→ Material supplied:
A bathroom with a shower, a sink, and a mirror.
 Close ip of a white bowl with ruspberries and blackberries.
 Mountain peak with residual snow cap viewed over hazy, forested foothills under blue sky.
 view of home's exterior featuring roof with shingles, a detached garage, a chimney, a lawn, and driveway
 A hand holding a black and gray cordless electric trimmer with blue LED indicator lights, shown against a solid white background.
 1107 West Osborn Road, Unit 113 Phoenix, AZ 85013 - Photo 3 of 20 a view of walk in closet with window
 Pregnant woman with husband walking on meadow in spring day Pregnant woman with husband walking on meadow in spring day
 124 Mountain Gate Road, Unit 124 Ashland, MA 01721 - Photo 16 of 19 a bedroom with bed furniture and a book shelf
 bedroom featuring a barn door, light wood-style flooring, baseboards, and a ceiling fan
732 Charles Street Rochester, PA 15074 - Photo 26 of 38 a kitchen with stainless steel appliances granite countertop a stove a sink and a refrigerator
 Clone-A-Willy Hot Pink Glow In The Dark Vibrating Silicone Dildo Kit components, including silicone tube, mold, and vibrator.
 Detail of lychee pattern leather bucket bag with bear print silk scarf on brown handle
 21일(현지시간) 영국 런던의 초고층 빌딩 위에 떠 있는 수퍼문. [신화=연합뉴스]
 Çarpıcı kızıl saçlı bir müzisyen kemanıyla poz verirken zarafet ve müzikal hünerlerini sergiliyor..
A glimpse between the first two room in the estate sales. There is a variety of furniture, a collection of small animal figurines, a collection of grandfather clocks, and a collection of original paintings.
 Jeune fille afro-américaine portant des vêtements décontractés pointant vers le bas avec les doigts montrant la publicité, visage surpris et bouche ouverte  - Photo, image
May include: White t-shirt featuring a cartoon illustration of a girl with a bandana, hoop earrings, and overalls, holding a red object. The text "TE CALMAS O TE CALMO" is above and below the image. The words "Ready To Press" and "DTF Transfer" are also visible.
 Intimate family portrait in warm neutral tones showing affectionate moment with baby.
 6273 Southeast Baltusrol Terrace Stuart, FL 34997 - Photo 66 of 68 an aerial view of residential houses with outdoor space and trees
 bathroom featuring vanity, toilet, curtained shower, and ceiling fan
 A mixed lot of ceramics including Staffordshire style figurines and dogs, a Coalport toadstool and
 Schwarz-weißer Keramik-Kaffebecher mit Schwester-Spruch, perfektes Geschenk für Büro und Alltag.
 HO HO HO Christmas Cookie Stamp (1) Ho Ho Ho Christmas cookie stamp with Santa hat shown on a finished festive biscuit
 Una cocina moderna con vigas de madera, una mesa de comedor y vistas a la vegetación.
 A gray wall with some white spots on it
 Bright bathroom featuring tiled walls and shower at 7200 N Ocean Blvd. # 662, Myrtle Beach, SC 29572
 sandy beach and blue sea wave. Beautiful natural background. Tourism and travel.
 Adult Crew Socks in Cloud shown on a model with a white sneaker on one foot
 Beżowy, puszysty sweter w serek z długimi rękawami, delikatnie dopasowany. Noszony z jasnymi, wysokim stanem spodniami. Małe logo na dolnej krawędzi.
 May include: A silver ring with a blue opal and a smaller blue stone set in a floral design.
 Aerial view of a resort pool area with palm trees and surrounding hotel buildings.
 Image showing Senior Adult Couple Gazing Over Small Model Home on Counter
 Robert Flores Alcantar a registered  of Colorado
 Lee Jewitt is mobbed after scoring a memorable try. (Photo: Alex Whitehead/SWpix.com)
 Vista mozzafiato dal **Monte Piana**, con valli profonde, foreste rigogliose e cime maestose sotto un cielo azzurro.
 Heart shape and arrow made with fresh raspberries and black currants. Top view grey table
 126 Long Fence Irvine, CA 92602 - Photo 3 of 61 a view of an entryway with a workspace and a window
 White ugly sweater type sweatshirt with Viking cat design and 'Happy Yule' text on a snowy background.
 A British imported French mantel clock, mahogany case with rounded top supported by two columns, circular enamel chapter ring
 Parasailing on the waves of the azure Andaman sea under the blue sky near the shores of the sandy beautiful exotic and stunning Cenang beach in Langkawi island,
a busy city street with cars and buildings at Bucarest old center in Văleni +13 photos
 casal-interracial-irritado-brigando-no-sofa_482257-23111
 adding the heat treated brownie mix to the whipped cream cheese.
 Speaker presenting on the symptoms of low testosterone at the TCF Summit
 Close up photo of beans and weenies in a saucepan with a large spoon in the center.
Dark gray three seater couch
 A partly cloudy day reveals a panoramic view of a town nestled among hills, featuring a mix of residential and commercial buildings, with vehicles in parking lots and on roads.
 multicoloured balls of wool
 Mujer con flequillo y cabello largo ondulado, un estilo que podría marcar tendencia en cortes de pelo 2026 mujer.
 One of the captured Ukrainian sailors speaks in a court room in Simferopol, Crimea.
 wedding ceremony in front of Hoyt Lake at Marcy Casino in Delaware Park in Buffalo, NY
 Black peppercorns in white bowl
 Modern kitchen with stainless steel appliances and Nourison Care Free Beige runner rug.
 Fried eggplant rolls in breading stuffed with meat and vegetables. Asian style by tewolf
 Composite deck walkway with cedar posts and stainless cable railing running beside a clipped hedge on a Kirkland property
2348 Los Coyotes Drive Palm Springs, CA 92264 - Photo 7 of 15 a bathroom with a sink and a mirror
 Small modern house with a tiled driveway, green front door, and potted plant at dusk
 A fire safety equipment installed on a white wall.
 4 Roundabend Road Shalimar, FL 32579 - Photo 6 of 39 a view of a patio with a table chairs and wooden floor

→ Work task: From the records above, copy every line that includes the word "steel".

→ Completed task:
732 Charles Street Rochester, PA 15074 - Photo 26 of 38 a kitchen with stainless steel appliances granite countertop a stove a sink and a refrigerator
 Modern kitchen with stainless steel appliances and Nourison Care Free Beige runner rug.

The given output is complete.